(Beginning of Data extracts)

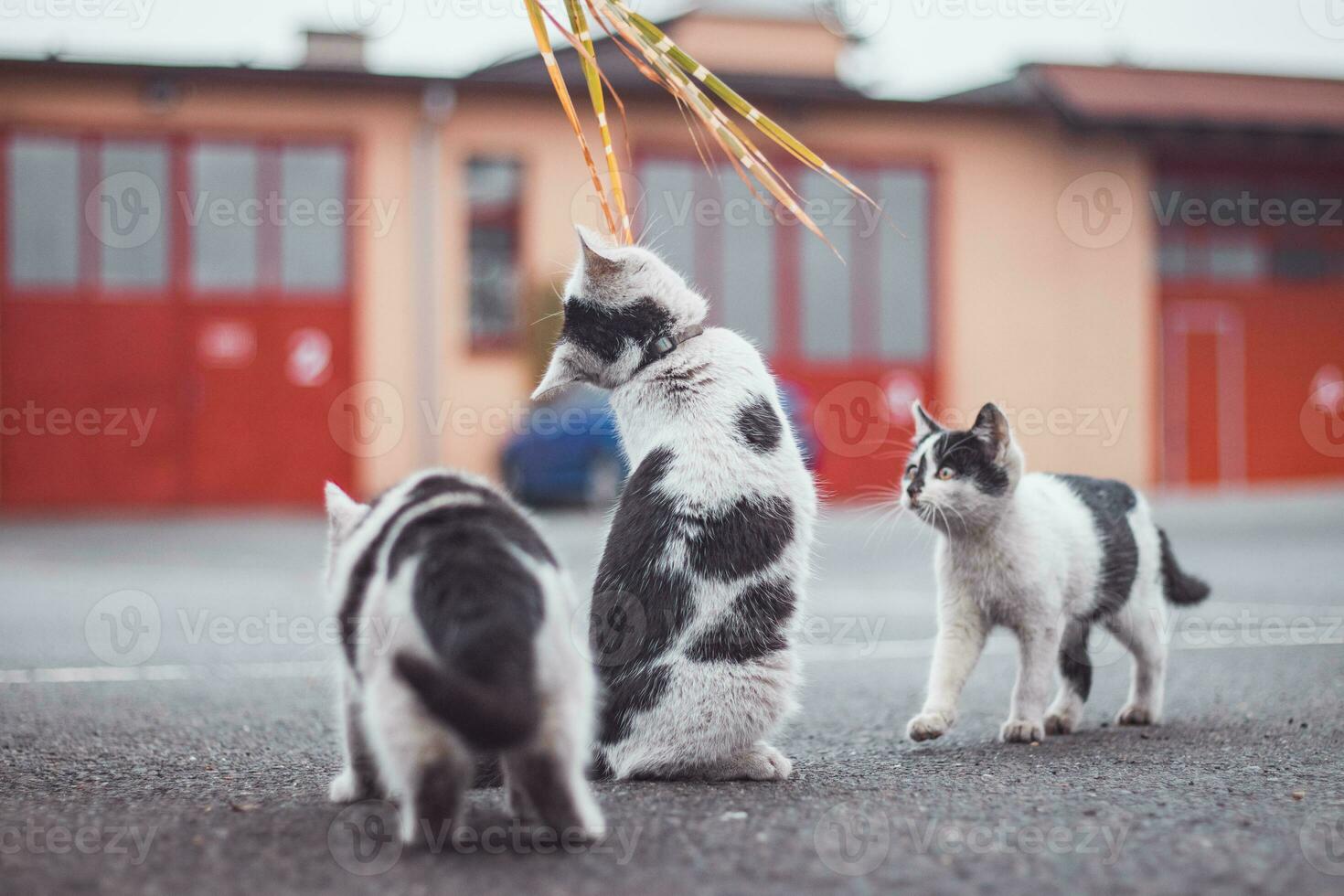 retrato de un blanco y negro gatito con un campana saltando y jugando con un juguete. para niños alegría de jugando juegos. familia mascota. entusiasta y interesado expresión foto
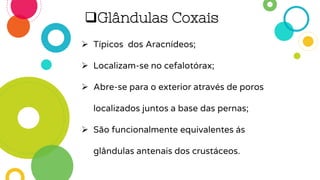 Glândulas Coxais
 Típicos dos Aracnídeos;
 Localizam-se no cefalotórax;
 Abre-se para o exterior através de poros
localizados juntos a base das pernas;
 São funcionalmente equivalentes ás
glândulas antenais dos crustáceos.
 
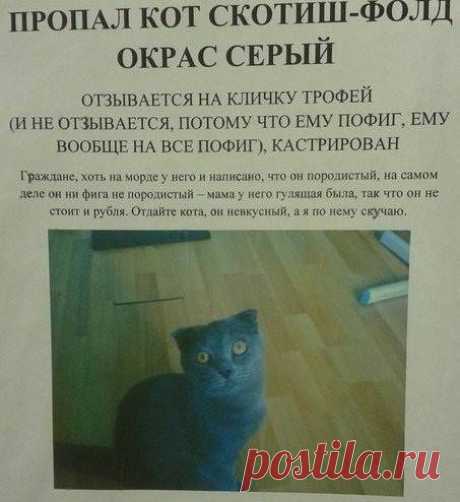 Забавные объявления о пропаже домашних животных (25 фото) | Чёрт побери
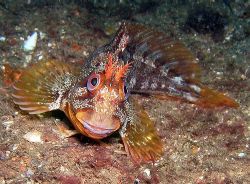 Tompot blenny off the South Coast of England. He made a g... by Rob Spray 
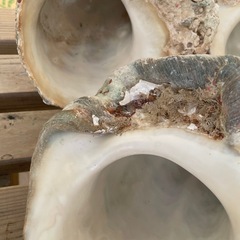 夜行貝　8個の画像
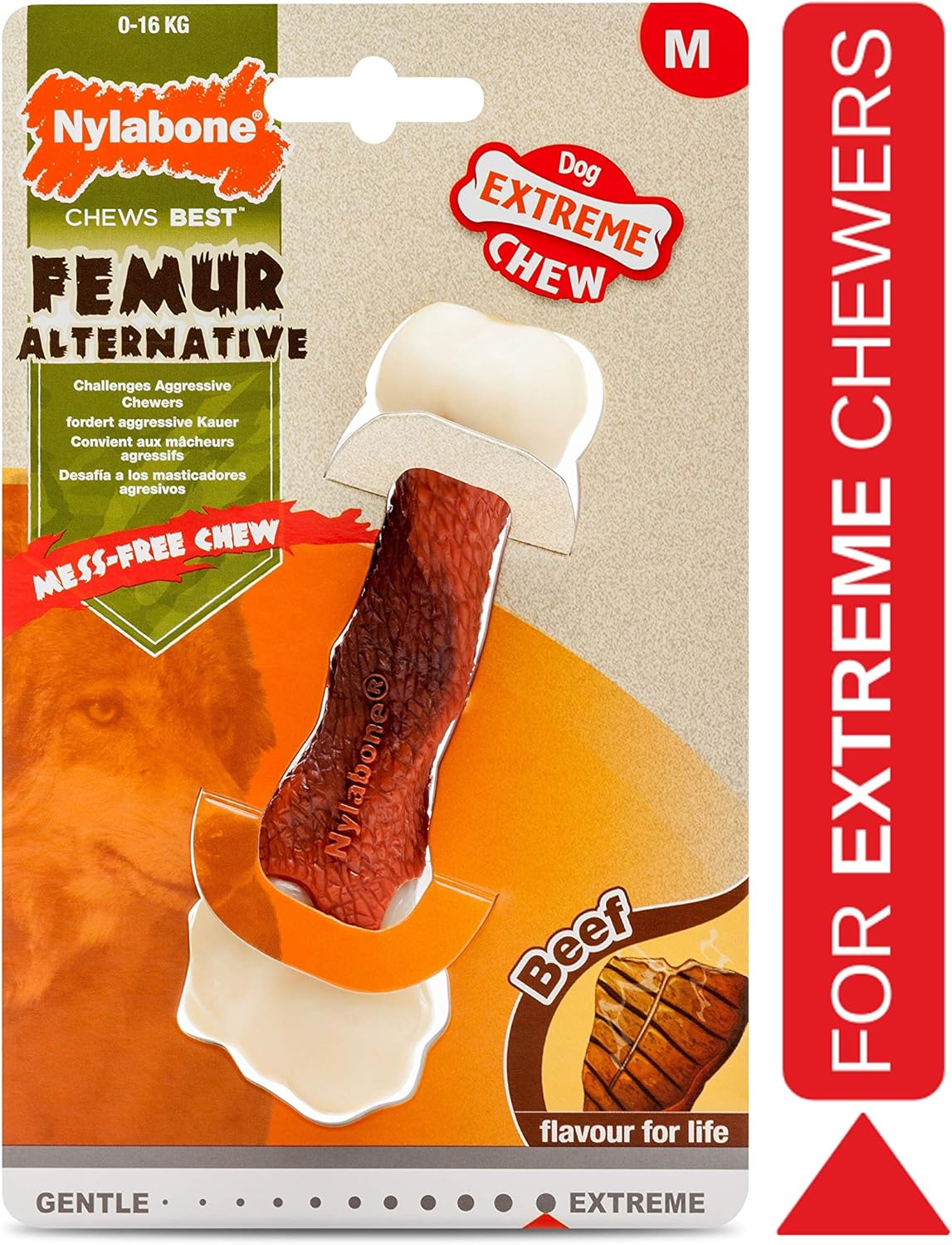 Nylabone Femur Medium Beef
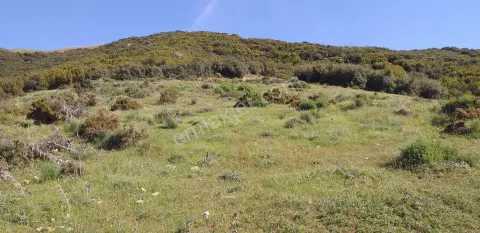 Sahibinden Tire 'de 24.387 M² Dsi Sondaj - Su İzinli Tarla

(End of Data extracts)

▶ [Work instructions]:
Range to print from the listing above: from the line with "através de poros" up to and including the line with "Tompot blenny off". Please print those lines exactly, with no pictures and nothing more.

▶ [Exercise output]:
 Abre-se para o exterior através de poros
localizados juntos a base das pernas;
 São funcionalmente equivalentes ás
glândulas antenais dos crustáceos.
 
 Забавные объявления о пропаже домашних животных (25 фото) | Чёрт побери
 Tompot blenny off the South Coast of England. He made a g... by Rob Spray 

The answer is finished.